Em “Given to Fly”, a banda faz uma média básica colocando imagens dos principais pontos turísticos das cidades em que se apresenta. O público delirou, já que parte do que era apresentado no telão tinha os fãs que esperavam animados na porta do estádio desde cedo, além de que o mineiro sempre gosta de ser reconhecido como gente importante. A tal da vaidade, né?
Foram sete covers ao longo das quase três horas de show. A abertura ficou com “Rain”, dos Beatles. Provavelmente por causa da chuva fraquinha. Mas não foi uma escolha melhor que iniciar com “Release”, faixa tocada na abertura da apresentação em Brasília. “Imagine”, de John Lennon, já havia sido apresentada em São Paulo e foi mais uma oportunidade da banda homenagear Paris por conta dos atentados terroristas do último dia 13. Desta vez, a lembrança foi em dose dupla, já que o Pearl Jam também tocou “I Want You So Hard”, do Eagles of Death Metal. Ainda tivemos a tradicional “Rock’in the Free World” e a surpresa da noite: “Comfortably Numb”, do Pink Floyd, tocada pela segunda vez em toda a carreira da banda.

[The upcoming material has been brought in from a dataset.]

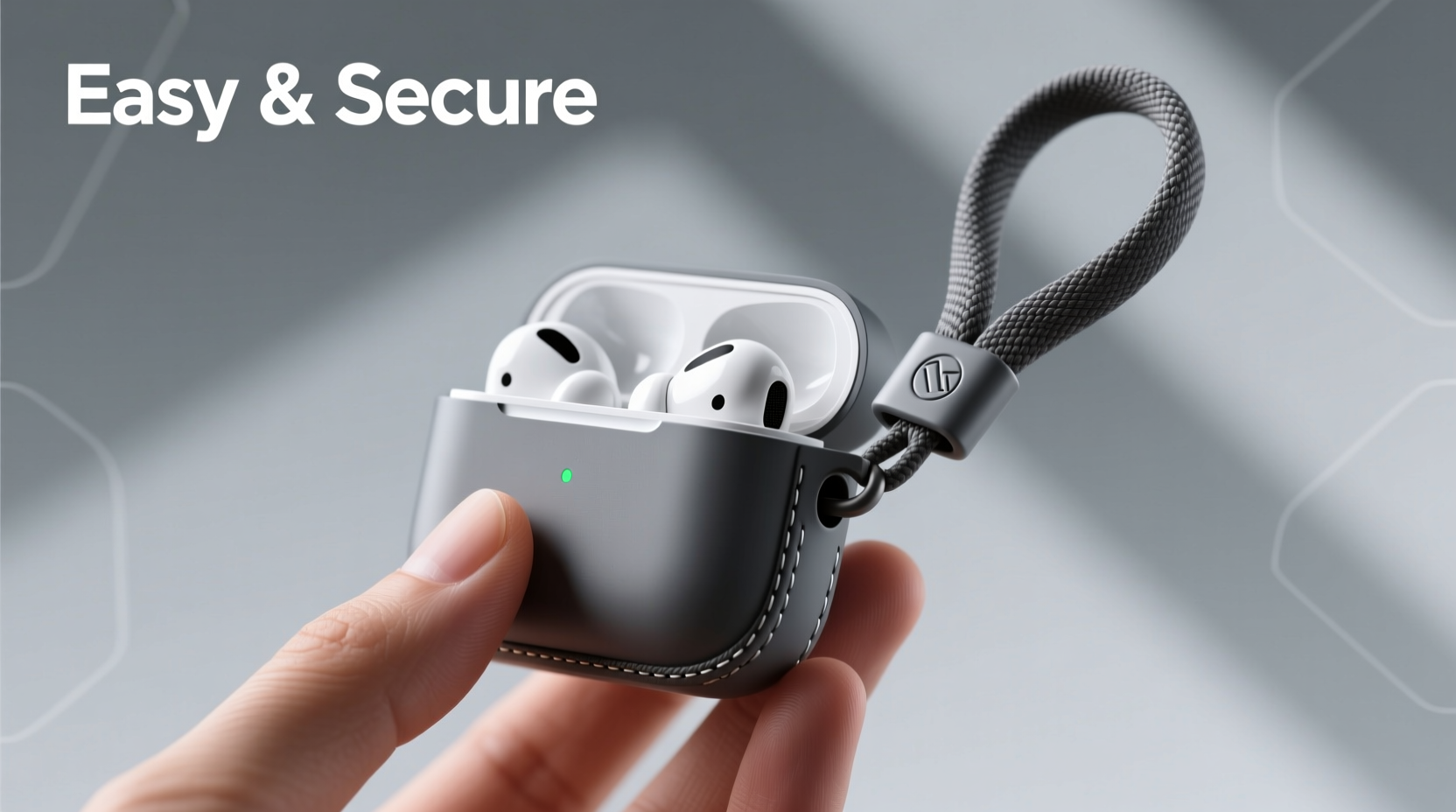easy and secure ways to attach a lanyard to your airpods case for on the go convenience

Com um repertório tão vasto e vontade de nunca se repetir, é óbvio que a banda acabaria deixando faixas importantes de fora. “Last Kiss”, “Betterman”, “Release” e “Just Breath”, por exemplo. Mas ver o guitarrista Stone Gossard cantando “Mankind” graças ao pedido de uma fã é o tipo de coisa que nos faz ignorar a falta de uma ou outra canção e ser feliz com o que viu. “Alive”, “Black” e “Even Flow” fizeram as honras da casa com os mineiros mostrando que mereciam demais esse show e que a banda será sempre muito bem recebida na capital.
Como de praxe, o Pearl Jam sempre extrapola o horário combinado com a produção (um claro sinal de que o público merece ter o melhor e o máximo possível, nem que isso signifique levar broncas) e a consequência direta é ouvir as últimas músicas com as luzes acesas. É assim na maioria dos shows e já faz parte da história da banda nos palcos brasileiros. Só precisamos esperar um pouquinho mais para ter essa sensação novamente e, quem sabe, com o John Pereira riscando mais algumas faixas na sua lista de 75 essenciais do Pearl Jam.